Extreme volatility persisted last week, with stocks declining sharply as the number of coronavirus cases globally continued to rise.
The effects of social distancing have taken a significant toll on the global economy, hurt employment, and major central banks and governments around the world announced measures to support the economy.
European countries announced a combined $1 trillion in new fiscal spending and the U.S called for a $1.2 trillion stimulus plan. The Federal Reserve cut rates by a full 1%, returning its policy rate back near zero in addition to restarting its bond-buying program.
As of 12pm London time on Friday, UK equities had fallen 4.1%, with most of the pain being experienced within mid and small-cap companies, with the UK mid-cap index falling 11.7% versus 1.9% for large-cap companies. Japanese equities rose 1.7% as the Bank of Japan announced that it would double its purchases of Japanese equities through exchange-traded funds to 12 trillion Yen a year, equivalent to $112 billion.
US equities experienced their single largest day loss since the crash of October 1987. US equities were down 11.1%, however, in Sterling terms, US equities were down 5.5%, as the US dollar appreciated dramatically against most currencies amidst a dollar funding squeeze. European equities were down 1.6% over the week, although in Sterling terms, they have actually risen 0.4% as Sterling came under pressure against most major currencies this week.
The Japanese market was further boosted by rising expectations for fiscal support from the Japanese government. However, for Australian equities, exposed to financial and mining stocks, the market fell 13.1% over the week. Emerging markets dropped 14%, with China and Hong Kong remaining relatively defensive, falling 4.9% and 5.1% respectively. India fell 12.3% and Brazil lost 17.4%, with the latter being hit particularly badly from a further collapse in the oil price during the week.
It was also a difficult week for defensive assets, despite the Federal Reserve enacting an emergency interest rate cut of 1% on Sunday, taking rates to a range of 0% to 0.25%. The stress came from a US dollar squeeze, as demand spiked from countries and companies funded in dollars to keep themselves financed. This culminated in liquidity drying up, as investors increasingly turned to their most liquid assets as cash was required, leading to a selloff in government bonds and, once again, gold.
Yields, which move inversely to price, on 10-year US Treasuries rose to a peak of 1.26% on Thursday, having traded as low as 0.65% at the beginning of the week, whilst UK Gilts went from a yield of 0.40% to 1.01%, and German bunds swung from minus 0.58% to minus 0.15% over the same period.

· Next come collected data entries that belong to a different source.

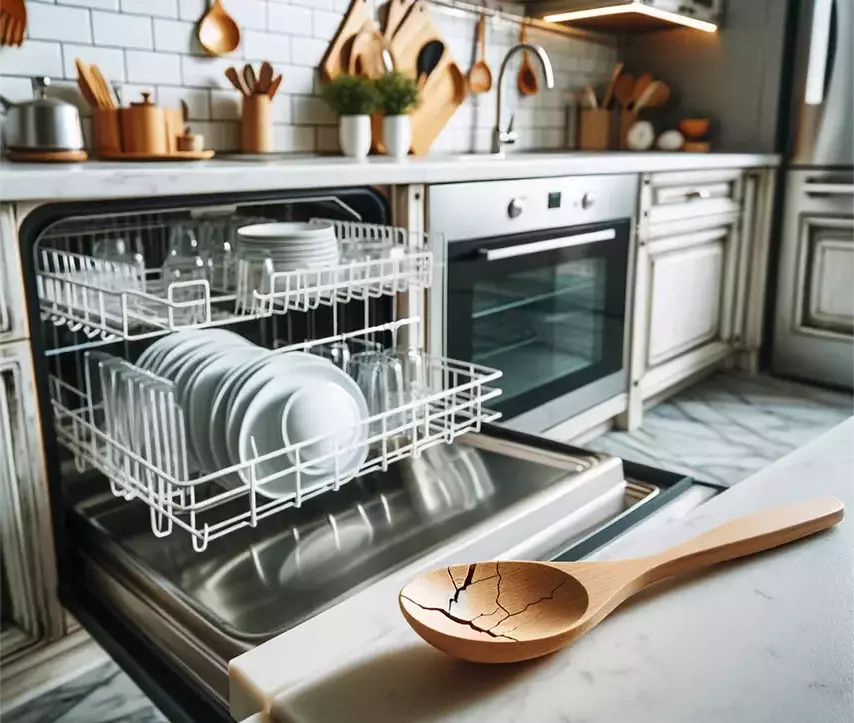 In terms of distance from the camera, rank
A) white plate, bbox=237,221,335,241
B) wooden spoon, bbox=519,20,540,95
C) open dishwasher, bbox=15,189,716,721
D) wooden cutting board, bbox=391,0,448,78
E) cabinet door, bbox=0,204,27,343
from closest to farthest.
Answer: open dishwasher, bbox=15,189,716,721 < cabinet door, bbox=0,204,27,343 < white plate, bbox=237,221,335,241 < wooden cutting board, bbox=391,0,448,78 < wooden spoon, bbox=519,20,540,95

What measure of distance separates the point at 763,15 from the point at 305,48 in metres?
1.88

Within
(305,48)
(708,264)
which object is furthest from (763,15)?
(305,48)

The government bond market started to behave more normally as the US Federal Reserve announced on Thursday that it would open up US dollar swap lines with more central banks globally.
This coincided with the Bank of England cutting interest rates to 0.1% and expanding its bond-buying programme by £200bn, and the European Central Bank announcing a plan to buy $750bn of bonds. This led to government bonds rallying, with 10-year yields on US Treasuries falling to 1.01% by Friday, with German Bunds trading at minus 0.28% and UK Gilts 0.58%. Similarly, the gold price fell from $1,560 an ounce on Monday, to $1,451 at its lowest point on the same day, before clawing back some of those losses during wild durations over the remainder of the week, and now currently trading at $1,507 an ounce.